→ **PROBLEM STATEMENT**
Reproduction of part of the material below, pictures omitted: copy exactly, and only, the lines starting with the one with "贝伦斯奶锅16cm受热均匀防烫手柄欧式款BLS-OSN102" and going on through the one with "Фарa Trelock LS 750 I-GO".

→ **DATA SHOWN**
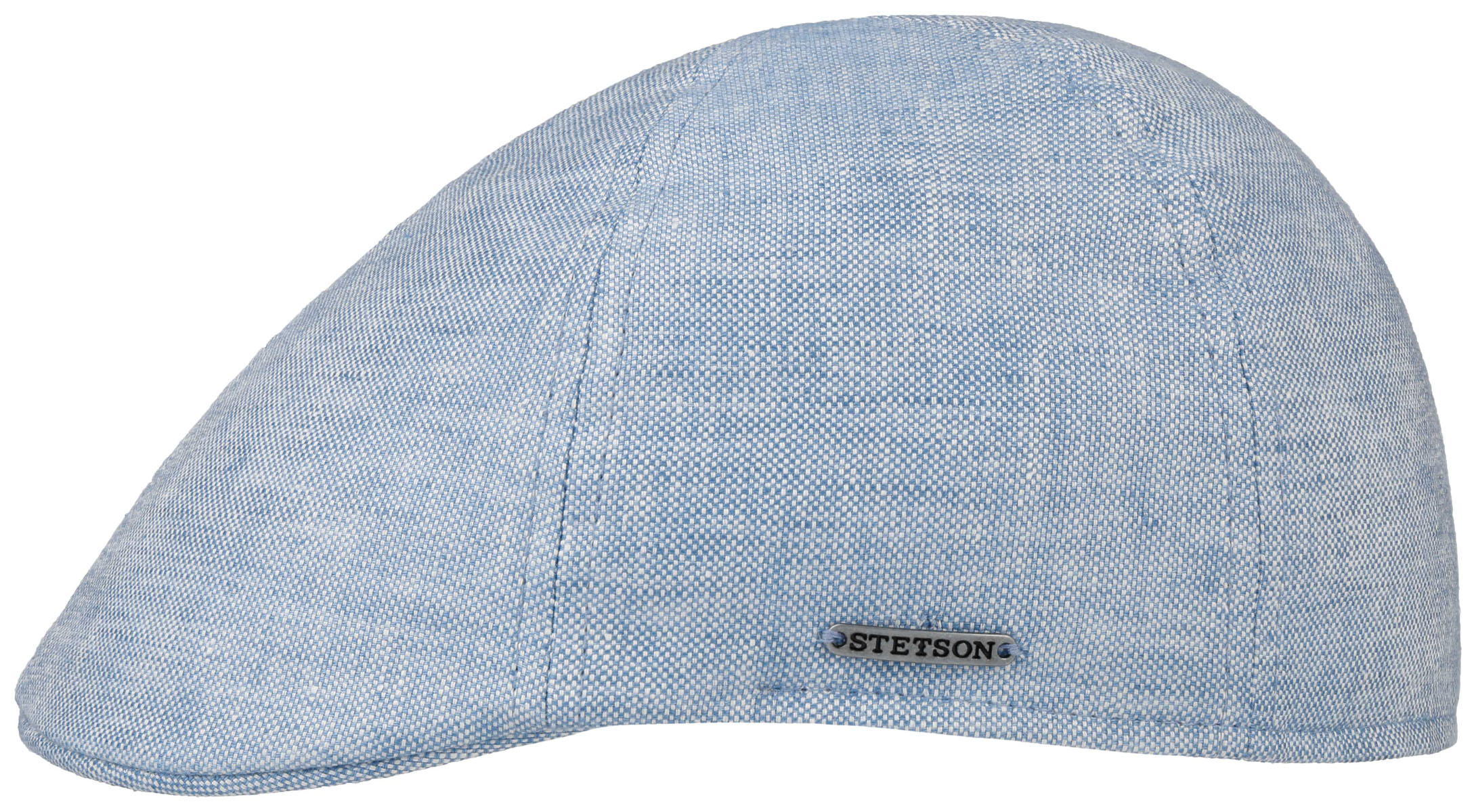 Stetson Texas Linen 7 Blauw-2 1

...

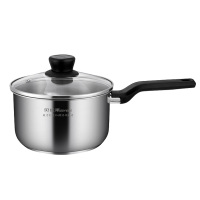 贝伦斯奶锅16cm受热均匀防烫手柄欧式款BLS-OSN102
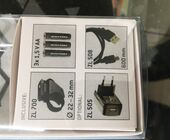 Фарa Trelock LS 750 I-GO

→ **RESPONSE TO THIS EXERCISE**
 贝伦斯奶锅16cm受热均匀防烫手柄欧式款BLS-OSN102
 Фарa Trelock LS 750 I-GO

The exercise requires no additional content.